# [Work to be completed]
Reproduce word for word every line from the one containing "Custom Silicone Rubber" through the end of the listing below; omit the pictures.

# [Data block]
***

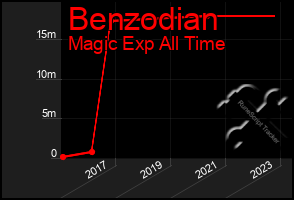 Total Graph of Benzodian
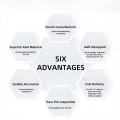 Custom Silicone Rubber Product Factory-priced Rubber Parts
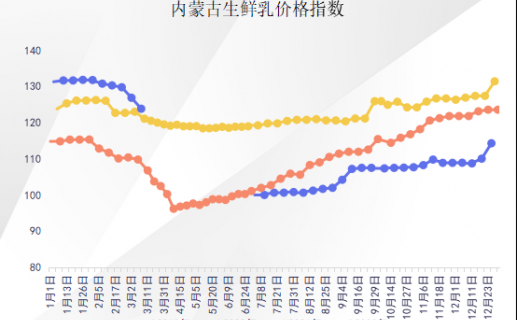 2022年1月内蒙古现代乳业指数月评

***

# [Reply to the task]
 Custom Silicone Rubber Product Factory-priced Rubber Parts
 2022年1月内蒙古现代乳业指数月评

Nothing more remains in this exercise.